Final answer:
To prove the proposition P(n) for the sum of the first n positive integers, we use Mathematical Induction. First, we verify the base case for n=1, then assume P(k) is true for an arbitrary k, and prove P(k+1) follows. This completes the proof for all positive integers n.
Step-by-step explanation:
To prove the proposition P(n) using Mathematical Induction, we want to show that for any positive integer n, the sum of the first n positive integers equals ½ n(n+1). The proof is done in two steps: the base case and the inductive step.
Base Case
First, we must show that P(1) holds true. For n = 1, the sum of the first 1 positive integers is simply 1:
1 = ½ × 1 × (1+1) = ½ × 2 = 1,
thus the base case is true.
Inductive Step
For the inductive step, we assume that P(k) is true for some arbitrary positive integer k; that is,
1 + 2 + 3 + … + k = ½ k(k+1),
and we need to show that P(k+1) follows:
1 + 2 + 3 + … + k + (k+1) = ½ (k+1)((k+1)+1).

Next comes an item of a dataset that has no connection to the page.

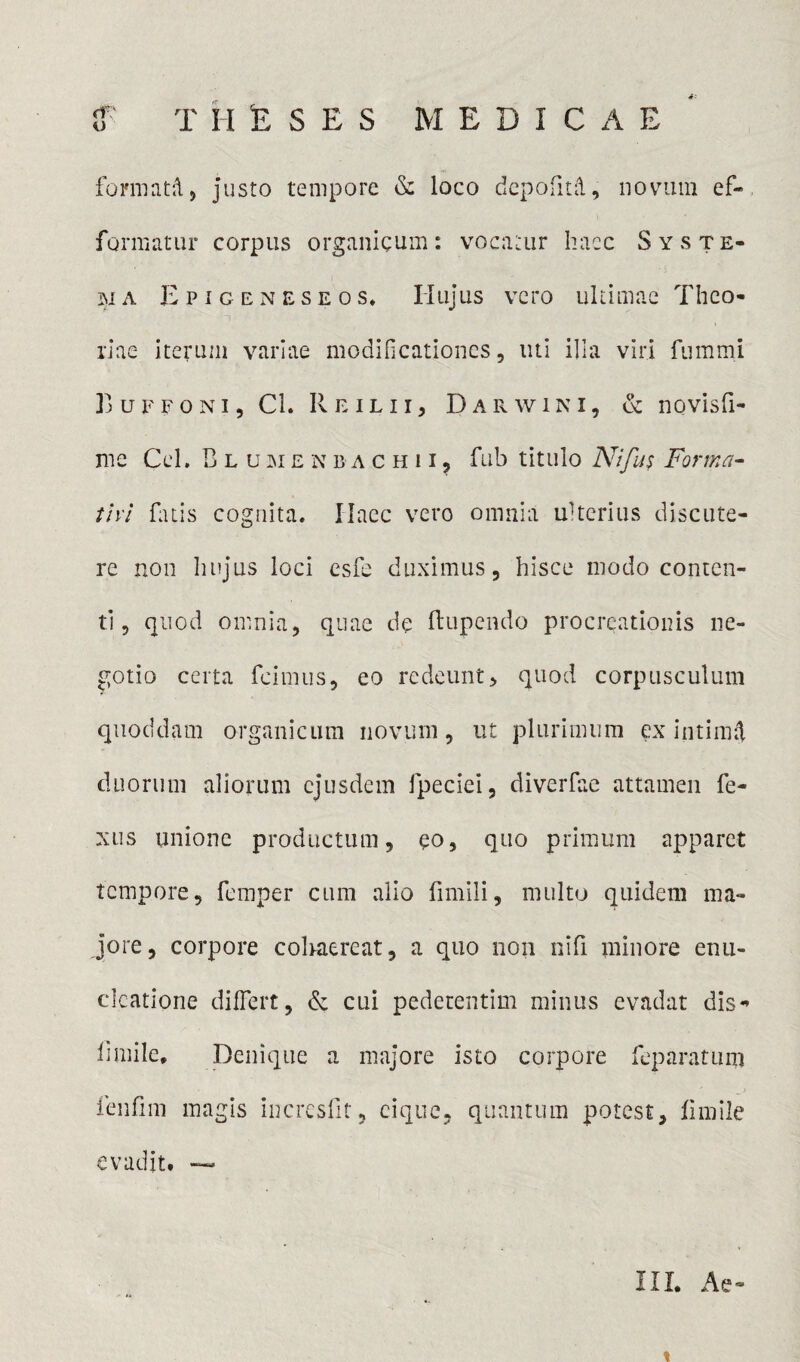 TMESES MEDICAE <r; U formatd, justo tempore & loco dcpofitd, novum ef- formatur corpus organicum: vocatur haec Syste¬ ma Epigeneseos, Hujus vero ultimae Theo¬ riae iterum variae modificationes, liti ilia viri fummi L uffoni , Ci. Re ilii, D ar win i, & novisfi- me Cei. Blumenbachii, fub titulo Nifus Forma- tivl fatis cognita. Ilaec vero omnia ulterius discute¬ re non hujus loci esfe duximus, hisce modo conten¬ ti, quod omnia, quae de ftupendo procreationis ne¬ gotio certa feimus, eo redeunt, quod corpusculum quoddam organicum novum, ut plurimum ex intimd duorum aliorum ejusdem fpeciei, diverfae attamen fe- xus unione productum, eo, quo primum apparet tempore, femper cum alio fimili, multo quidem ma¬ jore, corpore cohaereat, a quo non nifi minore enu- clcatione differt, & cui pedetentim minus evadat dis- fi mile. Denique a majore isto corpore feparatum ienfim magis incresfit, cique, quantum potest, fimile evadit# — III. Ae- %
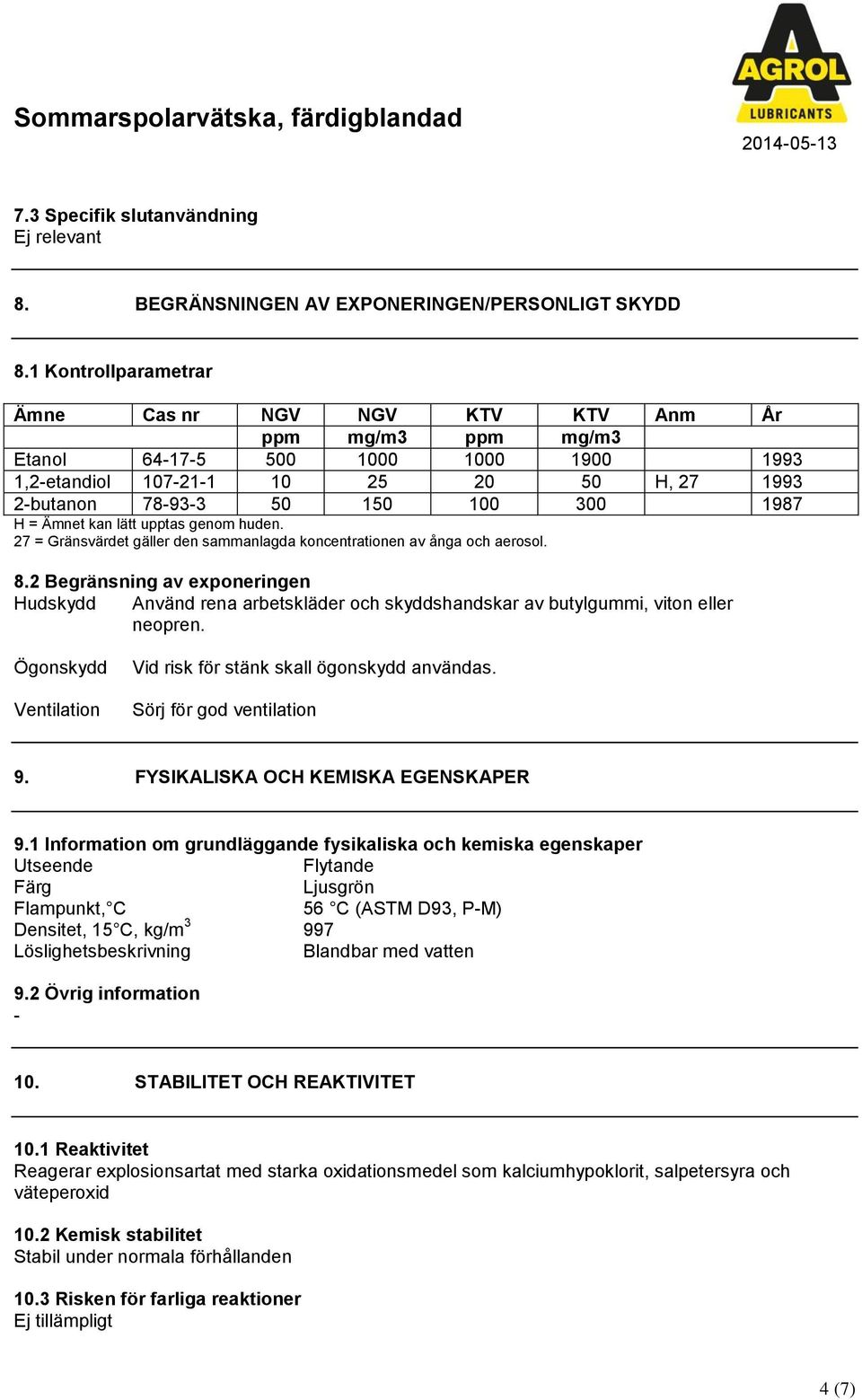 Ämnet kan lätt upptas genom huden. 27 = Gränsvärdet gäller den sammanlagda koncentrationen av ånga och aerosol. 8.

Starting with the left side of P(k+1), we add (k+1) to both sides of the assumed P(k):
1 + 2 + … + k + (k+1) = ½ k(k+1) + (k+1).
Factoring out (k+1) on the right side gives us:
1 + 2 + … + k + (k+1) = (k+1)(½ k + 1) = ½ (k+1)(k+2),
which is exactly the expression ½ (k+1)((k+1)+1), thus completing the inductive step and proving the proposition P(n) to be true for all positive integers n.